Marissa Gutierrez-Vicario has worked alongside several non-profit organization before creating her own, Art and Resistance Through Education (ARTE). She uses art as a tool to bring awareness to communities and young people about local and global human rights challenges. ARTE works to empower youth to become social justice agents and to work towards creating a more equitable world for themselves and their own communities. 

Brooklyn native Amma Oloriwaa! works with Egbe Iwa Odo'kunrin Egbe Iwa Odo'binrin in preparing and empowering youth in New York City to assume age appropriate responsibilities. She works with families in neighborhoods from these so called “troubled and endangered” backgrounds and provides mentoring, workshops, and community services to them.

Rodney Deas, aka "Radio Rahim" is a long-time activist in Brooklyn. He has been in the entertainment industry for decades, involved in radio and producing; he was involved in the beginning of the Occupy Wall Street movement and co-founded the Paul Robeson Freedom School in Bedford Stuyvesant. 


Danielle Sullivan is an administrative aide by day, community organizer by night and parent to an amazing child with special needs around the clock. She unites parents from all walks of life and engages conversation about the needs, wants, and growth of our children.

Organizer, and preservationist, Zulmilena Then is the founder of Preserving East New York (PENY) an organization whose mission is to advocate for historic preservation for the Brooklyn neighborhood of East New York and its subsections. From creating awareness of community changes to highlighting landmark-worthy buildings, Zulmilena and PENY are showcasing the beauty and the history of the neighborhood to empower the community towards protecting the endangered treasures East New York holds. 

Anthony Posada is an artist, activist, and lawyer. Aside from his job as public defender at the Legal Aid Society, he is the founder of Project Attica, an organization devoted to engaging youth and under-served communities in social justice issues through art-based activities. Anthony’s artivism stems from his passion and commitment to addressing mass incarceration among communities of color.

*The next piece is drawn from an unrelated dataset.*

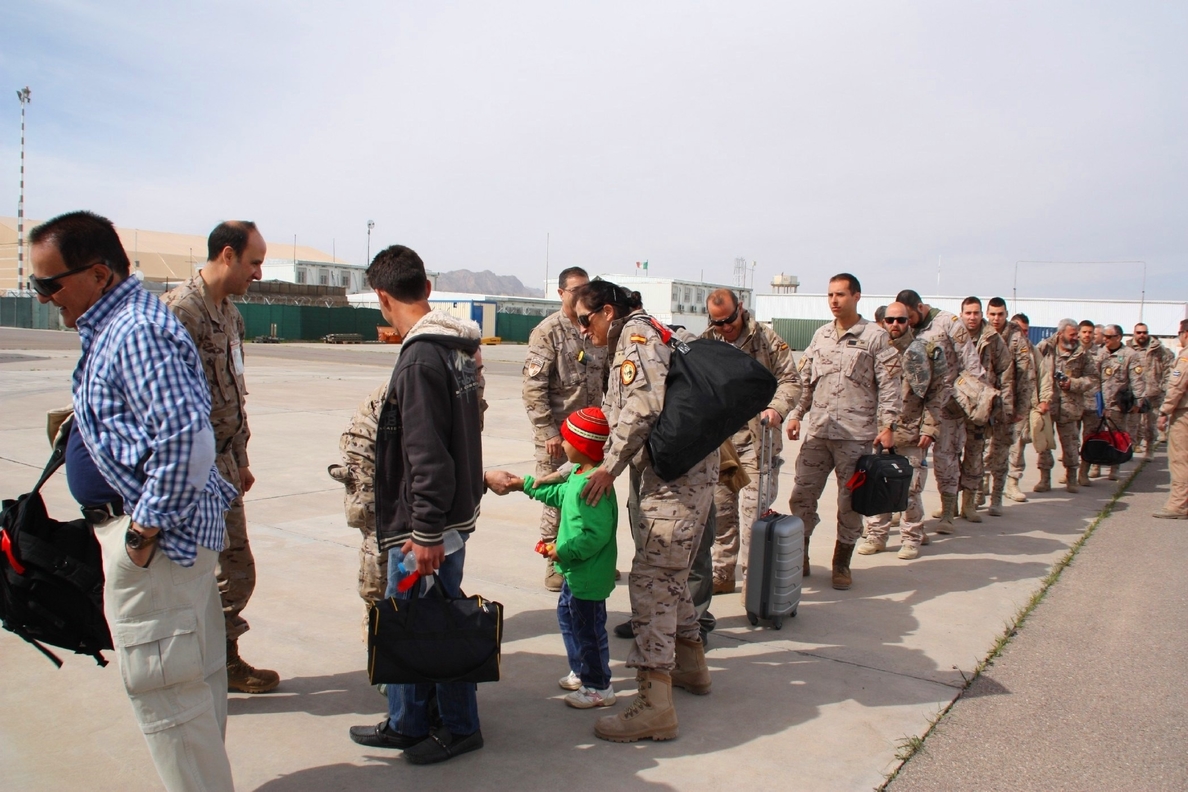 Los militares españoles trasladan a Barcelona a un niño afgano para ser operado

A multi-disciplined performing artist, Christine Yvette Lewis, is an actress, poet, musician, organizer, activist, and member of the Domestic Workers United (DWU). From advocating in Albany for a Domestic Workers Bill of Rights to hosting poetry Pop-ups in the Park, Christine amplifies the need for fair labor standards and a decent living wage, while advocating for power and respect for women who live and work in the shadows.